Unconditionally Released. – A flag of truce left for City Point yesterday morning carrying 167 Federal prisoners, including five officers. Among the officers was Lieut. W. F. Stone, of the 1st Maine cavalry, who was captured at Bealton Station on the 16th, inst. Lieut. Stone is a native of Portland, Maine, and was released unconditionally, without exchanged or parole. The circumstances which justified this step were as follows: Lieut. Stone was taken prisoner by Lieut. J. A. Payne, of the Black Horse Cavalry, who, while proceeding with his prisoner to Gen. Stuart’s headquarters, had to cross a swollen stream, which washed his horse from under him, and he was about drowning, when Stone, an athletic young man, who was standing on the bank, leaped from his own horse, plunged into the stream, and brought Lieut. Payne safe to shore with great danger to himself.

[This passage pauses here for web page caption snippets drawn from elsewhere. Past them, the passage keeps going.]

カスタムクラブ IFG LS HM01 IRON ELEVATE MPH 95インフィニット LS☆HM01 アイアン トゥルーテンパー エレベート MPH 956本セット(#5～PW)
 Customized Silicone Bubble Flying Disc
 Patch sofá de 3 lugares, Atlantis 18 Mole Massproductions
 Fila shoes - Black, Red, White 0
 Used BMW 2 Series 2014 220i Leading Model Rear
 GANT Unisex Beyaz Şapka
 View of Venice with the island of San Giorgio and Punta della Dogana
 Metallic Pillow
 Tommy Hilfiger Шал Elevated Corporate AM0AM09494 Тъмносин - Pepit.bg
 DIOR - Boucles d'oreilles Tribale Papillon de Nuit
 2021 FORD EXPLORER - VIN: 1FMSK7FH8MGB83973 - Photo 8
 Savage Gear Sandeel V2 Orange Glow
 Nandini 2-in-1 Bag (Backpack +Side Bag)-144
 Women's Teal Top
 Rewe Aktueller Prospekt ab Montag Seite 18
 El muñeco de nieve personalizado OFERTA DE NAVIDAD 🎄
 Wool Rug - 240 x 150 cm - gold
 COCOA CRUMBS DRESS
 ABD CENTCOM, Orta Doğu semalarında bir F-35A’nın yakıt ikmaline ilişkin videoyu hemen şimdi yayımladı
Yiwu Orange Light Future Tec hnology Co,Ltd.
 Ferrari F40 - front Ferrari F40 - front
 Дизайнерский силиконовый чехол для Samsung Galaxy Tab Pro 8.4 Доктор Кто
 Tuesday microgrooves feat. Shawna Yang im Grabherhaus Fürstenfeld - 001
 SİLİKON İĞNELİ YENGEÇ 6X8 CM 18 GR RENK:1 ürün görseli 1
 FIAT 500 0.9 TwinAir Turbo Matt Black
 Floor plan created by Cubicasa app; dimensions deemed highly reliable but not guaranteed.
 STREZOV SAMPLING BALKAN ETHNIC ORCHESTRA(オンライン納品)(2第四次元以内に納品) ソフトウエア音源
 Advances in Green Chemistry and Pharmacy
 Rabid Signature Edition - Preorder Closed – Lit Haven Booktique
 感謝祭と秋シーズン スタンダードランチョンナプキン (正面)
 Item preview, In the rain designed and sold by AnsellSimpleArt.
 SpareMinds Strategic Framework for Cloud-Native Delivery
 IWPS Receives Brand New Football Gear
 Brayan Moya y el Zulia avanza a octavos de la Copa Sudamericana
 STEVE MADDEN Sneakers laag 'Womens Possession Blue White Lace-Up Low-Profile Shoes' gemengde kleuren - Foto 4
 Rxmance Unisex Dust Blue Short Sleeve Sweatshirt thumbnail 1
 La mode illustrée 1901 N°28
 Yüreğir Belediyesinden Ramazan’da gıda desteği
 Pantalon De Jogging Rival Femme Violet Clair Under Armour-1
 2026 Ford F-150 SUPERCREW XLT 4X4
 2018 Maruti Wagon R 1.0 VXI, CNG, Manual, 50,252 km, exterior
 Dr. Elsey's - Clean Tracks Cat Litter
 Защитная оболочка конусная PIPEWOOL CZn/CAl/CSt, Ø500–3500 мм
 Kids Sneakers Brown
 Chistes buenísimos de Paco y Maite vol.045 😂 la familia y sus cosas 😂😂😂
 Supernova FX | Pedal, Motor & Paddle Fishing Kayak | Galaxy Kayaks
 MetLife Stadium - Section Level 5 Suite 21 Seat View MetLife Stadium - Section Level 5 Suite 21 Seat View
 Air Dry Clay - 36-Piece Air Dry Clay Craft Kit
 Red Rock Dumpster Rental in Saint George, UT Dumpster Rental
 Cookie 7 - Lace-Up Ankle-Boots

This circumstance, so creditable to Lieut. Stone, was made known to the Secretary of War by Gen. Stuart, who bespoke kind treatment for the captive. The Secretary of War issued an order that he should be released unconditionally and sent home, which was done yesterday. Since the 16th instant Lieut. Payne himself has been captured and thrown in the old Capitol prison, Washington, D.C. Before the departure of Lieut. Stone he promised to call and see him.